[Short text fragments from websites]
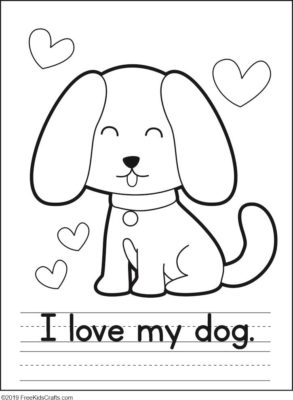4 Pet Coloring Pages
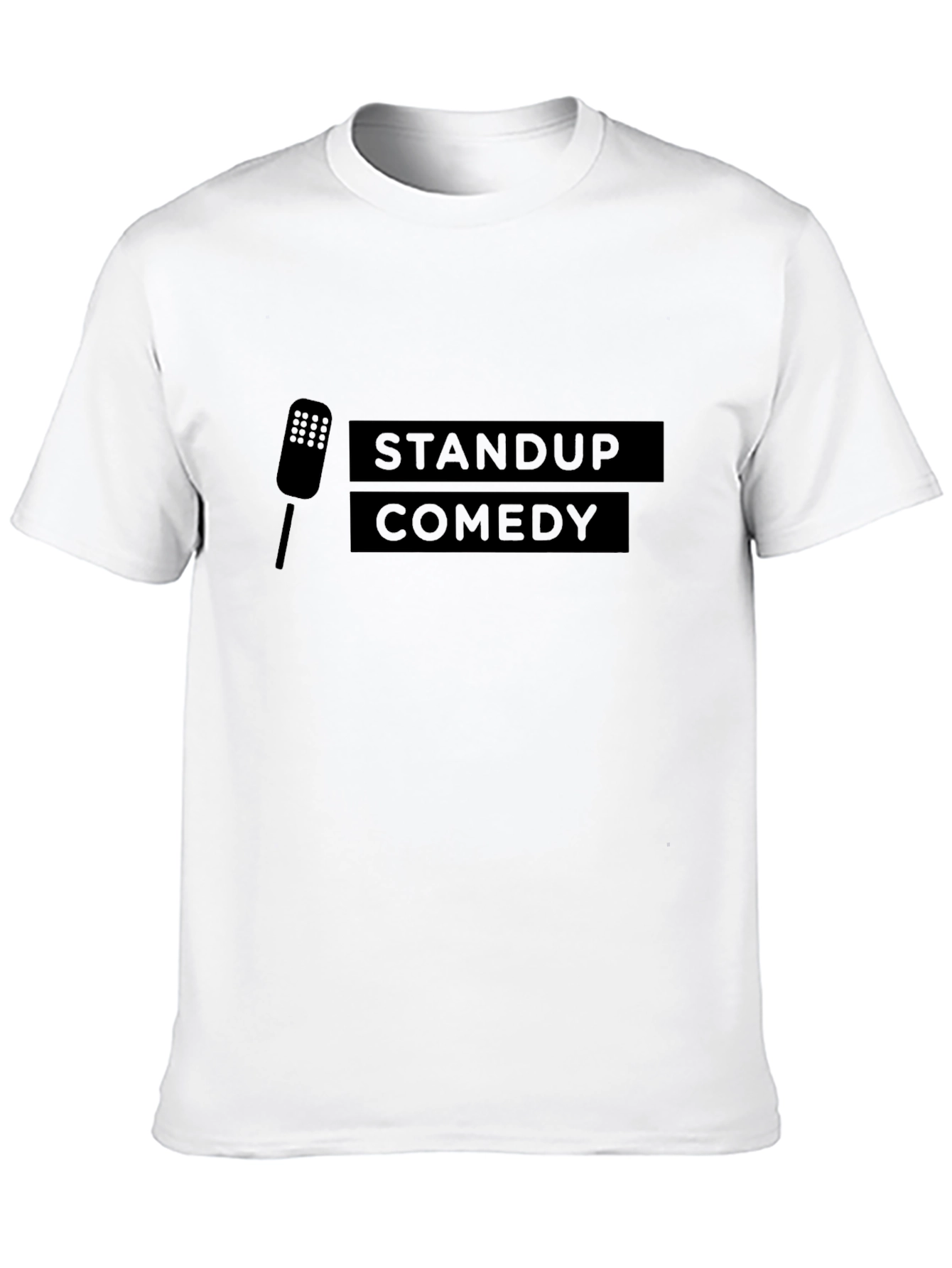 Stand-Up Comedy Black Graphic Tee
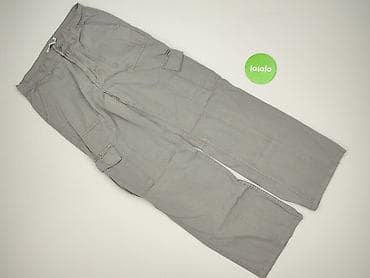 szare dresy: Spodnie cargo damskie, rozmiar S — 2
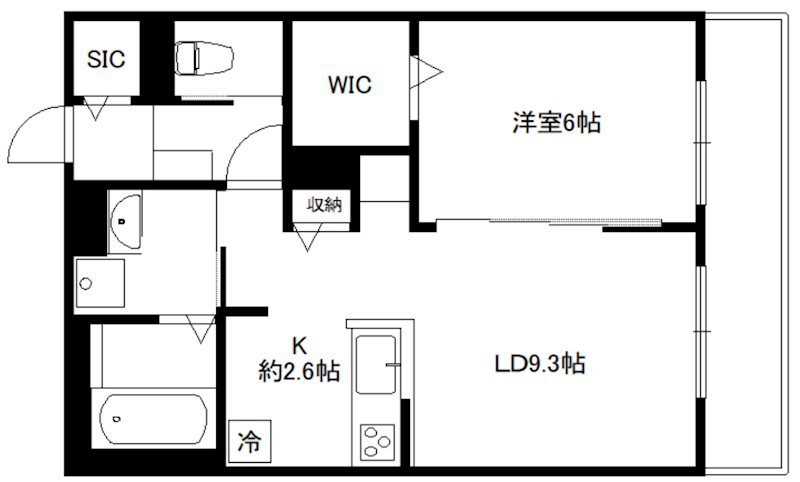 FELICE　七本松の間取り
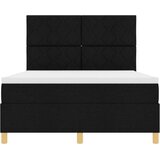  Postelja z vzmetnico z vzmetnico Črna 140 x 200 cm blago, (5000125990) | Shoptok.si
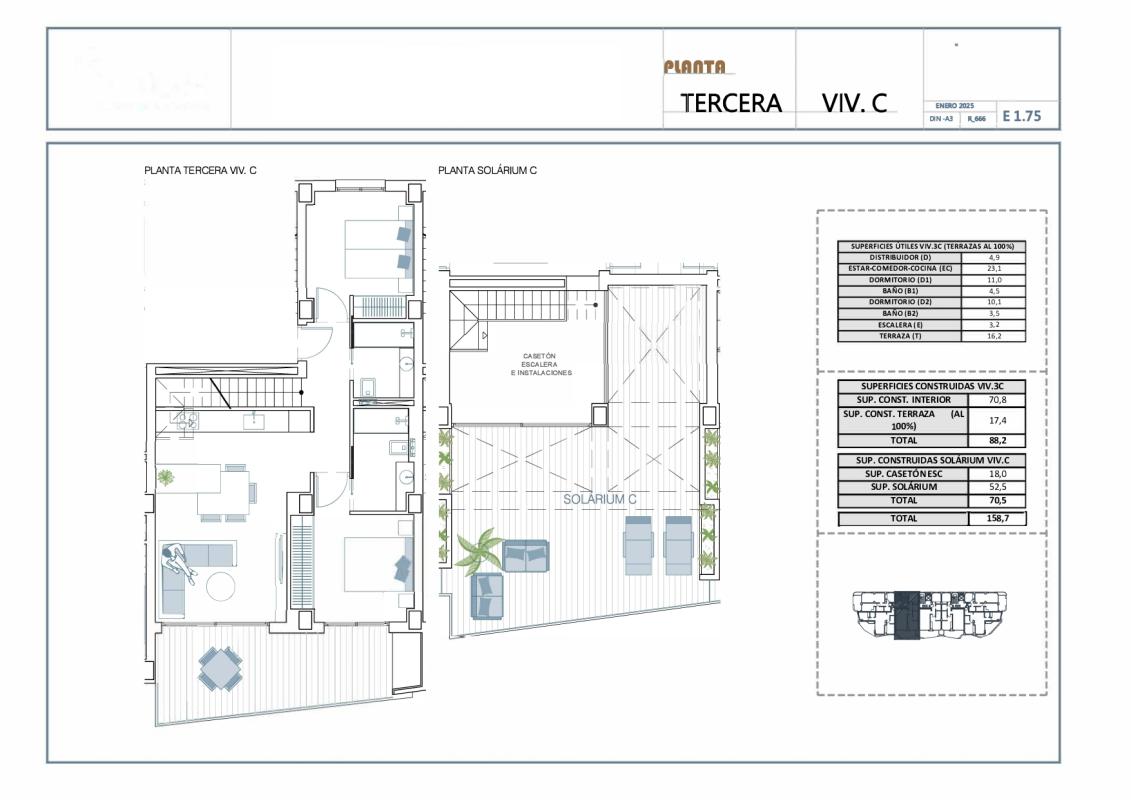 Продажа пентхауса на  Ciudad de Requena, 1, Ла Виллахойоса / Вила Хойоса plan 6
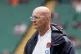 England head coach John Mitchell during the warm up before t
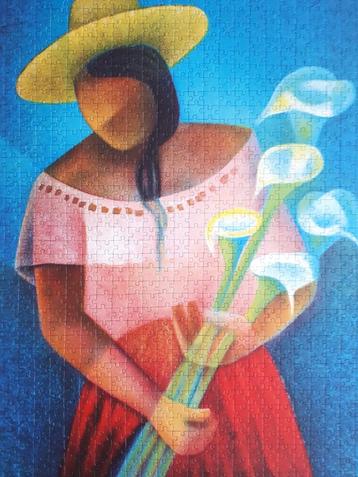 BLUEBIRD puzzel 🌾LA FEMME AUX ARUMS 1000 stukjes  beschikbaar voor biedingen
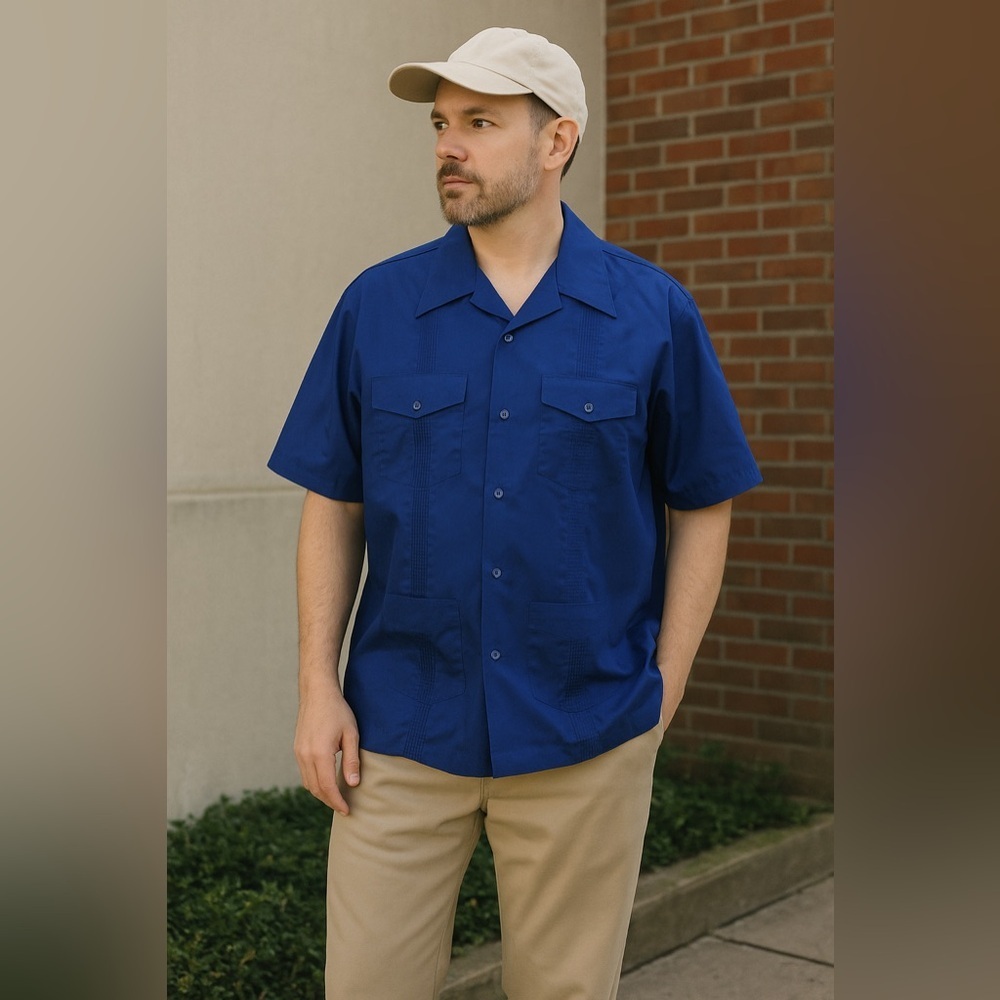 Vintage Supreme Permanent Press Work Shirt Blue Utility Button Down Korea Sz 1X - Picture 2 of 14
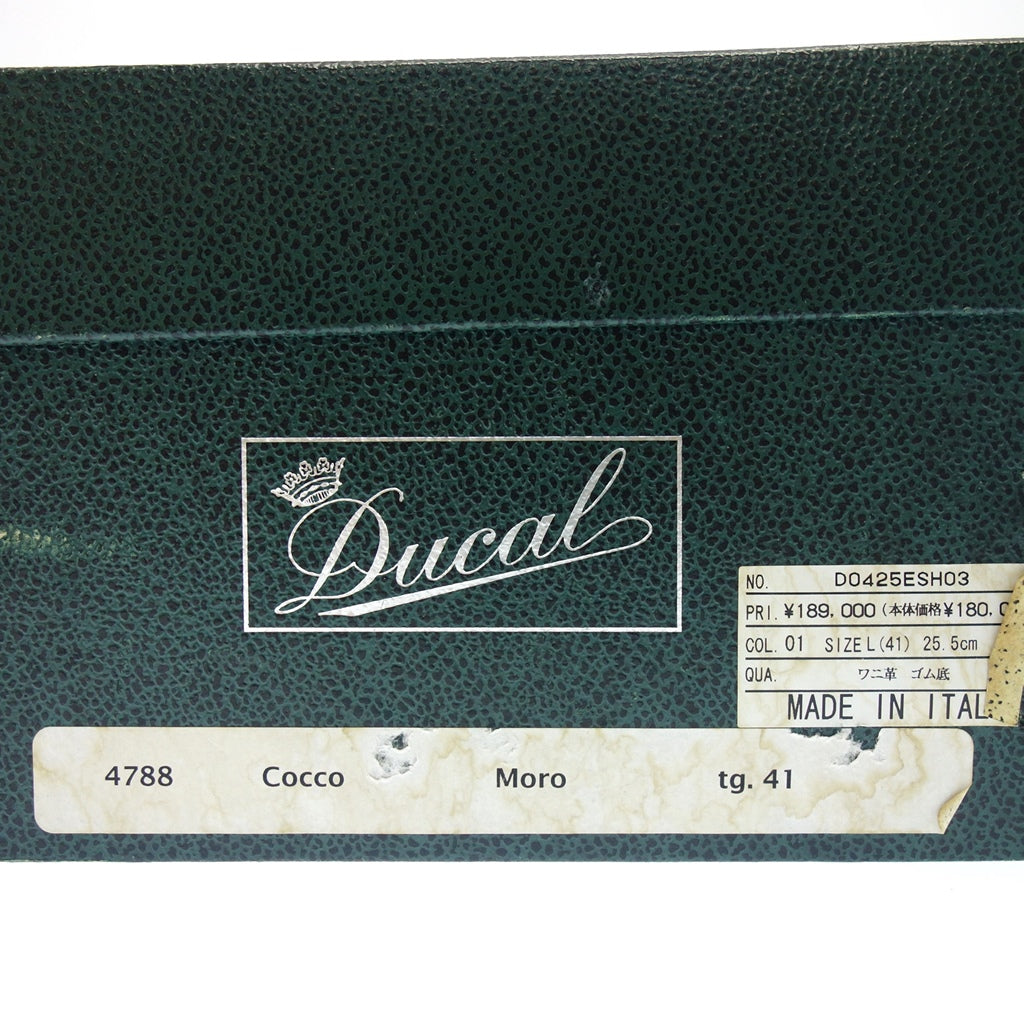 【Ducal】デュカル 4788 Uチップ クロコダイルレザー ブラウン サイズ 41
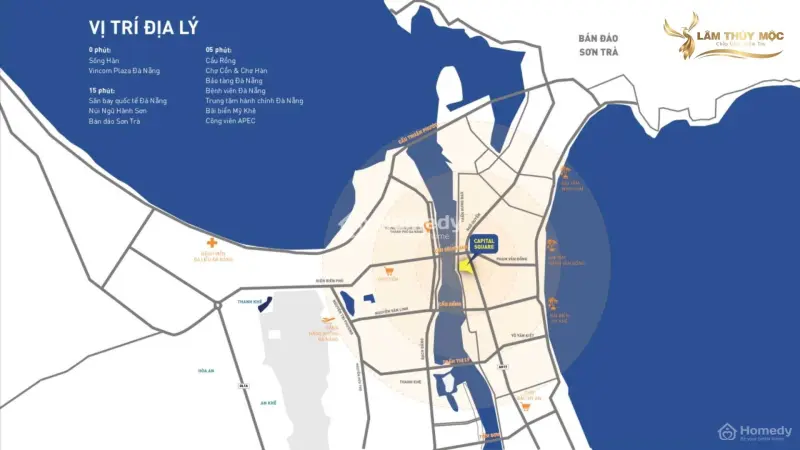 Căn Hộ Capital Square Đà Nẵng - Vị Trí Ngay Cầu Sông Hàn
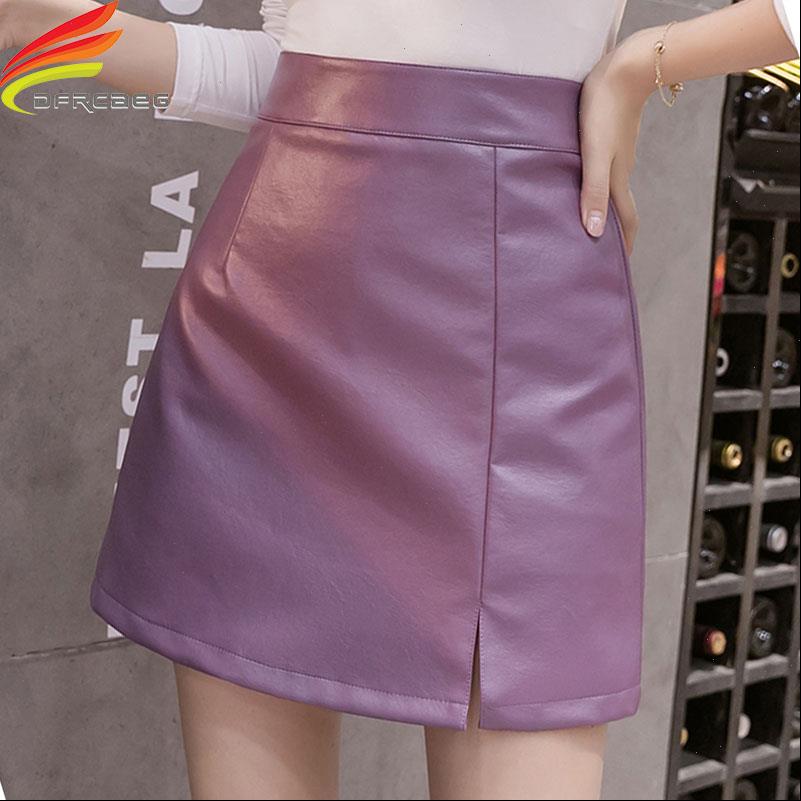 new 2021 autumn leather slit skirt women beige black or purple a line mini skirts womens with lining high waist pu skirt
new 2021 autumn leather slit skirt women beige black or purple a line mini skirts womens with lining high waist pu skirt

> **WHAT YOU NEED TO DO**: Exclude all images and retype the data precisely.

> **WRITTEN RESPONSE**:
4 Pet Coloring Pages
 Stand-Up Comedy Black Graphic Tee
 szare dresy: Spodnie cargo damskie, rozmiar S — 2
 FELICE　七本松の間取り
  Postelja z vzmetnico z vzmetnico Črna 140 x 200 cm blago, (5000125990) | Shoptok.si
 Продажа пентхауса на  Ciudad de Requena, 1, Ла Виллахойоса / Вила Хойоса plan 6
 England head coach John Mitchell during the warm up before t
 BLUEBIRD puzzel 🌾LA FEMME AUX ARUMS 1000 stukjes  beschikbaar voor biedingen
 Vintage Supreme Permanent Press Work Shirt Blue Utility Button Down Korea Sz 1X - Picture 2 of 14
 【Ducal】デュカル 4788 Uチップ クロコダイルレザー ブラウン サイズ 41
 Căn Hộ Capital Square Đà Nẵng - Vị Trí Ngay Cầu Sông Hàn
 new 2021 autumn leather slit skirt women beige black or purple a line mini skirts womens with lining high waist pu skirt
new 2021 autumn leather slit skirt women beige black or purple a line mini skirts womens with lining high waist pu skirt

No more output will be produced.